富士の忍野と同様、好きな所が俗化されるのは寂しい。
Yanagawa Tojima residence
庭園は国の名勝。
庭園は良いとして、建物に驚いた。 まるで、殿様の隠れ家のようだ。
内装が非常に上品で快適。女性に好まれる繊細な仕様だ。
映画蝉しぐれに登場したお手かけの女性の隠れ家のようでもある。
殿様がお茶をたしなむために使われたといわれているが、実際は素敵な女性と親密な時間を持つ目的で使われたのではないだろうか。
大牟田
Omuta meganebashi
鍵がかかっていて中に入れない。遠くから眺める。
Mitsui Miike Miyahara coal mine
夕日にレンガと鉄骨の縦坑廃墟がシルエットを描く。
ここで働き、生活し、死んでいった人々と日本の経済の歴史を刻む、貴重な遺産だ。
10年程前訪問したときには、まだあちことに炭鉱労働者の集合住宅、通称「炭住」があった。

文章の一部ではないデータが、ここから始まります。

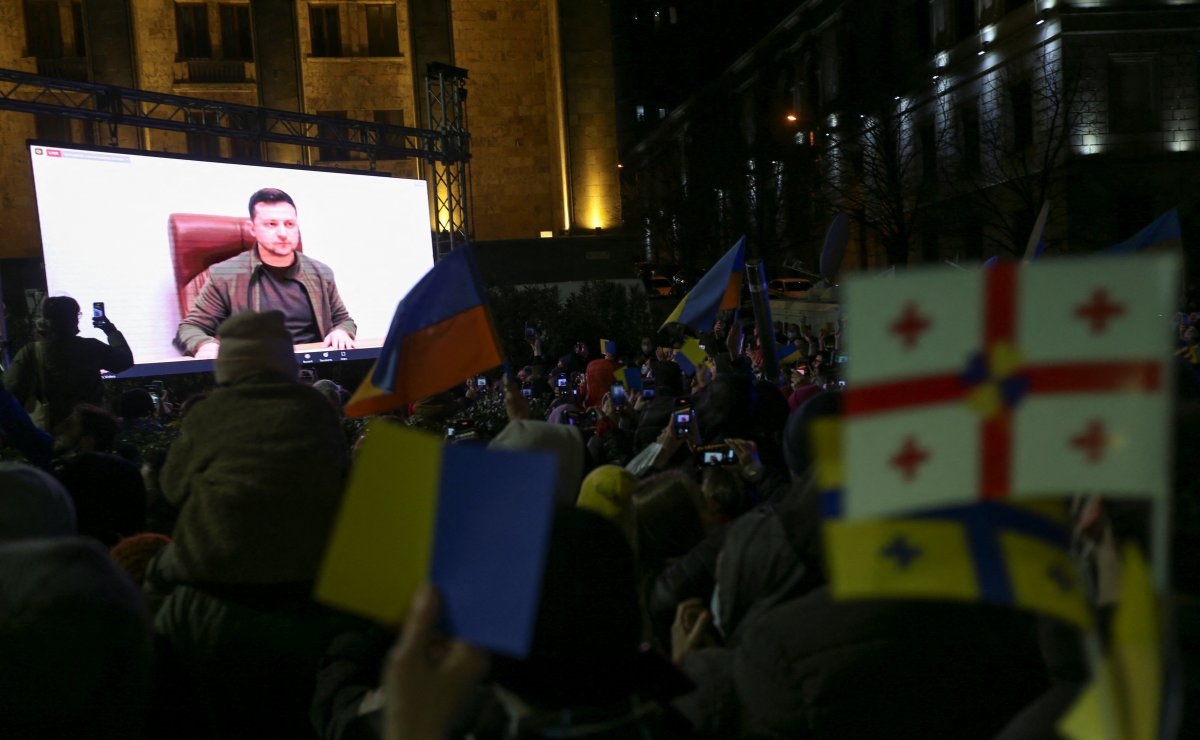 Zelensky'den NATO'ya: Ukrayna yıkılırsa Avrupa düşer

とても暗い印象だったが、今ではすっかり取り払われ、野原に戻っていた。
戦後の栄光の時代を生きた三井鉱山も哀れな状況だ。
あの時撮影しておけばよかったが、後の祭り。
かろうじて残っている数軒を撮影することができた。
隣接して熊本県荒尾市
Mitsui Miike Banda coal mine
こちらは、さらに廃墟印象が強い。
トンネルのアーチ、レンガの建物、縦坑鉄骨、作業小屋。
この建物は各種映画のロケにぴったりだ。
今日の一番のインパクトは炭鉱遺産。ショックを受けた。炭鉱労働者を偲ぶ。
ぬばたまの よるのやみをと きしみたつ わがなりわひは ちのそこにあり
かなりやと ともにいりぬる やみがらす あすをもしれぬ いのちならなくに
大牟田にて
温度と湿度が高く過酷な労働だっただろう。閉所恐怖症の自分には耐えられない。
愛する家族のために命と引き換えに働いた人々。
多くの炭鉱事故を偲び、涙する。
日が暮れて、今日の宿探し。
山鹿温泉のまったりとした泉質が好きなのだが、時間が遅く、好みの宿が見つからない。
近くの玉名温泉へ。
Tamana onsen Chikusuien
一人なので古くて安い部屋にしたが、昨夜に負けないくらいの料理が出た。
湯はかけ流し。透明でさっぱりしている。
露天風呂はぬるめで気持ち良い。24時間入浴可能なのも嬉しい。
外来入浴客も積極的にとっており、ちょうど大勢の高校生でごったがえしていた。
若くてもマナーは良い。
深夜にもう一度入浴。やはり数名の外来客と一緒になった。
今夜は24日の月か。そろそろ細い三日月だ。